I’ve also noticed in the classroom that a lot of times taking up space can be about marking territory, and proving you have the biggest dick. I’ve seen this a lot in my classes where there are only a two or three men. It seems that one man will say something, asserting that he is a man and therefore has a dick (and I swear it’s usually a comment that makes him look tough), and then another man will have to say something to one up him and assert that he has a bigger dick. It’s not always about who has the most masculine ideas, lifestyles, opinions, but these comment battles (back and forth, back and forth, back and forth) tend to lend themselves to proving in someway that someone is the better man. I have found that women do this as well, but in less over ways. We’re not battling over who’s tits are bigger (it’s pretty easy to tell just from looking at two different women), but we are battling for attention. I’ve noticed that girls tend to either turn bitchy and take up space by bossing people around or asserting their harsh, cynical and often times downright nasty attitude, or we turn stupid and flirty and beg for attention that way.

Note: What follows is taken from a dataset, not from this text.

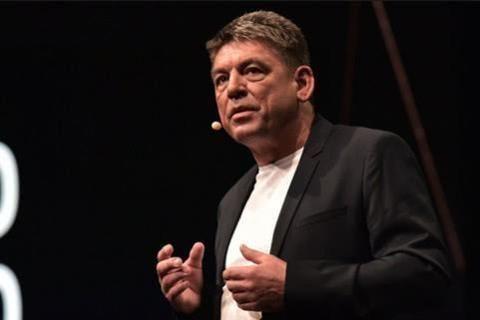 拜腾董事长毕福康加盟商用电动车企ICONIQ 官方：感到遗憾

This is by no means true of everyone, or every situation, but I am seeing this happen more and more. As a person who has a hard time taking up space, I look at these battles for space, dominance and attention in awe. I’ve come to understand that I play the part of observer. The one that fades away and allows everyone else (hands everyone else) space. To be honest, I’m not sure why I do this. It’s always been hard for me to participate. I’ve always been shy when it comes to groups. But when people take excessive amounts of space for themselves it become even harder for me to force myself to take space. It seems like more of a struggle.

As a teacher, I’ve found myself on the other side of students who take up too much space, and I haven’t quite figured out what to to about it. I scan the faces of the other students in my class to see if anyone is frustrated (rolling their eyes, looking away, zoning out) when a person who tends to talk a lot is yammering yet again, but usually they give away little. I highly doubt that I am the only one conscious of the space taken up in our classroom. As a teacher, I feel that it is my job to control it, to allocate the fair sharing of space in a discussion or class activity, but sometimes I am relieved when someone takes up excessive space, when someone really gets into it. It’s less pressure on me to try to pull something out of students who wouldn’t ordinarily talk. I don’t have an answer as a student or a teacher, but it is something I can’t help by think about.

 

On Having that Conversation

I’m feeling a little alone right now because I just tried to have a conversation with my boyfriend and I’m not sure half of what I said. I wanted to talk about being more open and honest with each other about the way we feel because I feel like I try to sugar coat things for him because I don’t want to hurt his feelings, and it’s super easy to make him feel bad about himself. Yes, I know that only he can decide to feel bad about himself, but he tends to get down on himself if I point out any small thing that bothers me about him/our relationship/his behavior (i.e. the fact that I feel like I have to walk on egg shells because every time I point out something that irritates me he freaks the fuck out and gets all sad – of course I say it in nicer words).  Anyway, I think everything came out all weird because I was trying to be so confrontational, and neutral, and speak in weird generalities, and make it about him instead of me. In the end, I think I got my point across and we agreed to be more open with each other, so maybe it was a successful conversation, but somehow I still feel like a bitch, like I made him feel bad, which I didn’t want to do at all. I think I want to keep everyone around me happy; that’s how I get into these messes to begin with.